The experienced eyes of the Rifleman, watching everything as it flies by, waits for that movement, that shape, that does not belong. He listens to the sound of air rushing past, the sound of the horses, listening to their hooves as they strike ground and gulp for air in the night. He listens for the sound that does not meld with the others, the of beat of a third horse. He can see the light now, his anticipation building, his heart beating, overpowering the sound of the stage, smothering the sounds of the horses pulling it. His pistol ready, in his shaking hand. His other hand holds the reigns, his feet ready to propel the horse onward, to overtake the stage.

Waiting for the right moment, waiting to strike. The Rifleman waits, scanning the forest as it streaks past, his nerves building a lump in his throat. The Highwayman can now see the stage in its entirety. The Rifleman ready, will see him. Now is the time to strike.

He is surprised at the speed of the coach, the cargo must be must be important. The passengers pray that they complete the trip, curse the driver for the speed. Not knowing of the dangers out side, clutching to each other, they sit on the floor of the coach. Scared, they wait for the hellish ride to end. Kicking his horse, he bursts from his hiding place, flying toward the coach, his pistol raised, ready to fire. He banks from left to right as he intercepts the stage.
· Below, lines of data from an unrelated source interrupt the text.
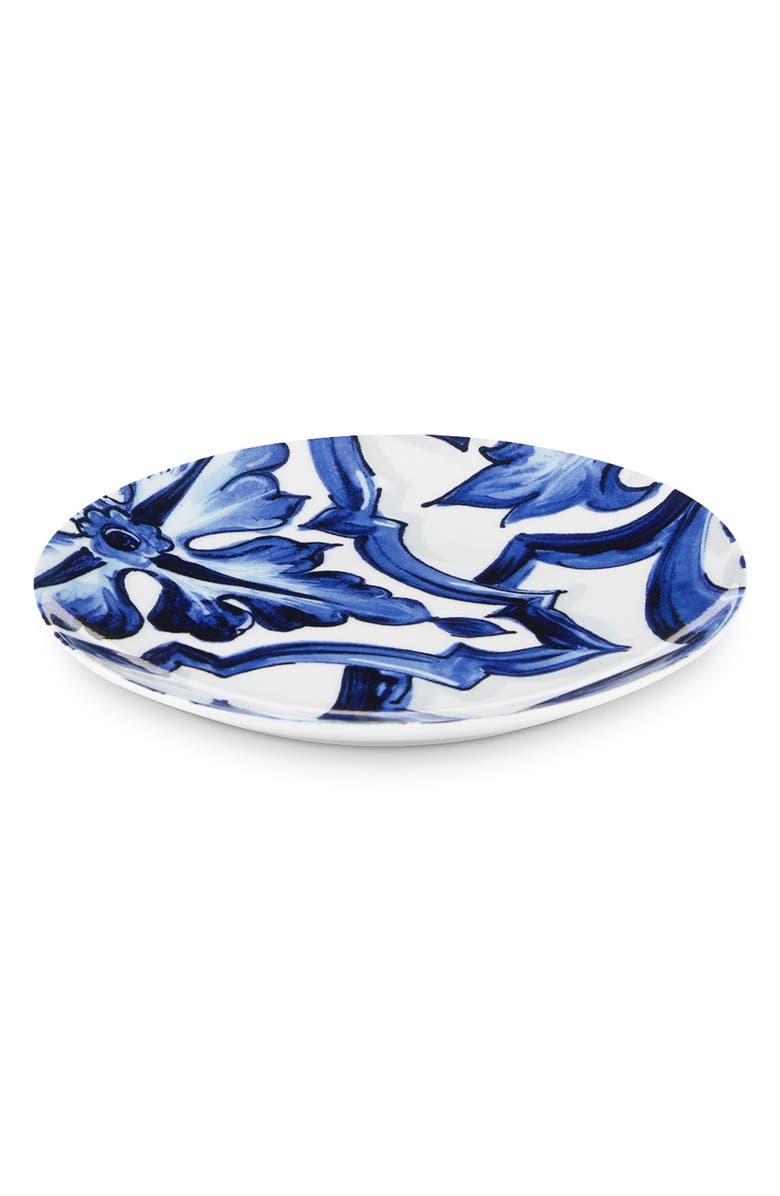 Dolce&Gabbana Blu Mediterraneo Stella Porcelain Set of 2 Dessert Plates, Alternate, color, Light Blue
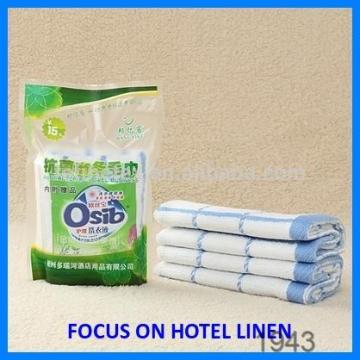 100% cotton white hotel towel sets plain jacquard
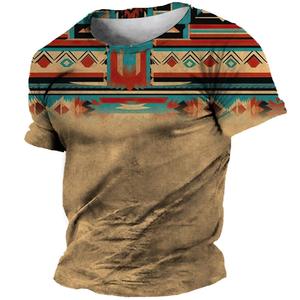 Vêtements africains pour hommes Dashiki T Shirt Traditional Wear Clothing Short Sleeve Casual Retro Streetwear Vintage Ethnic Style 2025 - Product Image 6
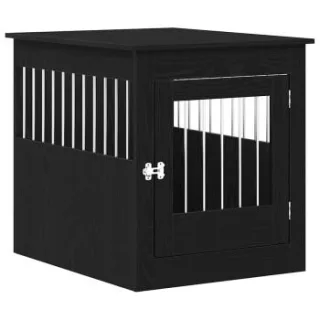 VidaXL Hundekäfig im Möbel-Stil graphit schwarz 80 cm, 64,5 cm, 71 cm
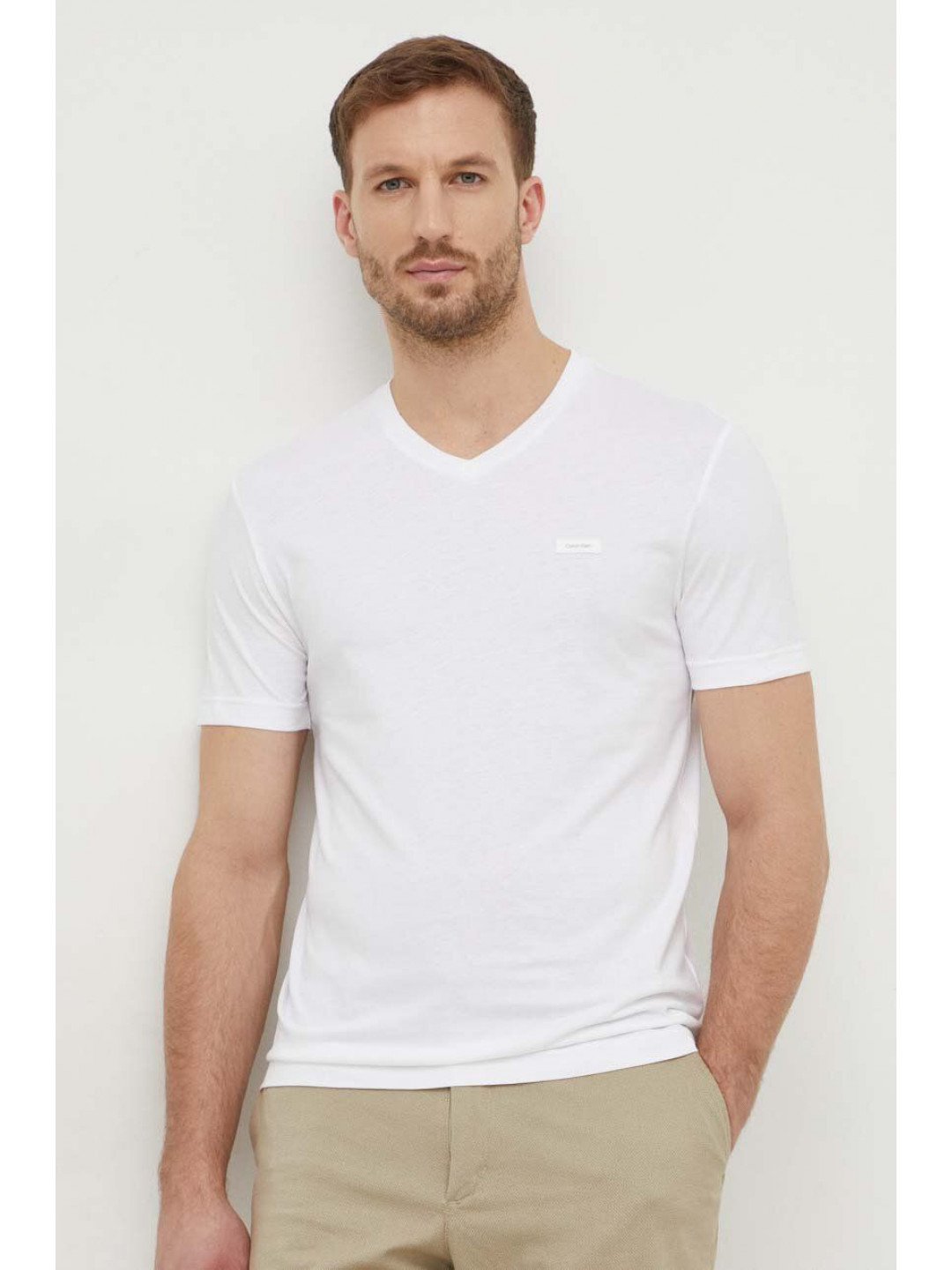 Bavlněné tričko Calvin Klein bílá barva K10K112507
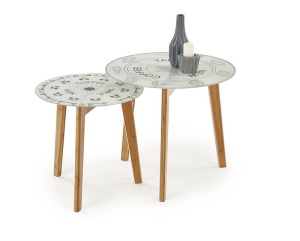 SET 2 MASUTE DE CAFEA LIVING BRAGA MULTICOLORE STIL SCANDINAV HALMAR - Img 1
The Rifleman raises his weapon, looks down the long barrel at the approaching Highwayman. Tracking left to right and aiming at the Highwayman, he glances at his pistol, then he centers his rifle on the Highwayman, and hesitates, knowing that he has only one shot. Though the pistol at his side reassures him, because should he miss, he is not out of the game. The Highwayman takes aim with his pistol. He looks down the barrel at the Rifleman, his weapon pointing back at him. He rides straight, aims, and fires.
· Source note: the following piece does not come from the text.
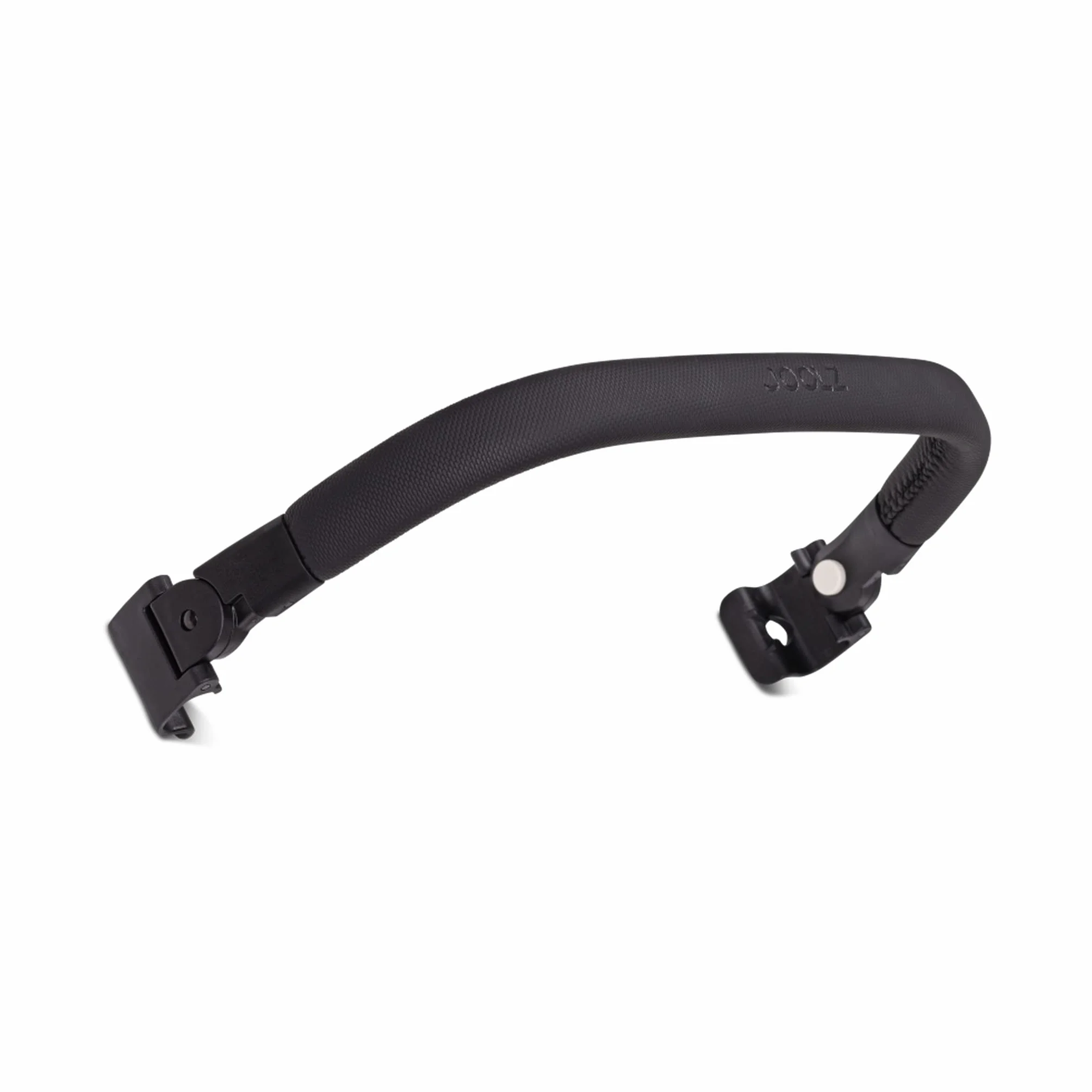 Joolz AER+ - Barra paraurti per passeggino, pieghevole, extra comfort, design elegante, facile da montare e aprire, ideale per appendere giocattoli, colore: Nero carbonio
The bench explodes next to the Rifleman as a bullet drives it self in to the stage, closely missing him. He continues aiming at the bandit, looks him in the eye, breathes out, holds his breath, and fires. The Highwayman does not feel the bullet enter his chest, so much as the force knocking him off his horse. He crashes to the ground, his horse riding away into the night. He lays there dying, breathing in his last breaths, says a silent good bye to his family, and the air escapes from his lungs, never to return.

The passengers huddling on the floor of the stage. The gun shots scaring them so much, they fear the worst. They begin saying goodbye to each other and to their loved ones, as death is imminent. The stage continues. The stage breaks through the forest on to the plains. The fog lifting, they can see the light of the soon to rise sun, though day is still hours a way.

London is not far, they have completed their journey. The driver slows the horses to a gallop. The Rifleman sinks back in the bench, spent. The game is over.

The passengers begin cheering that they have not been killed, and that they have reached London unhurt. Relieved and exhausted, they collapse on their benches.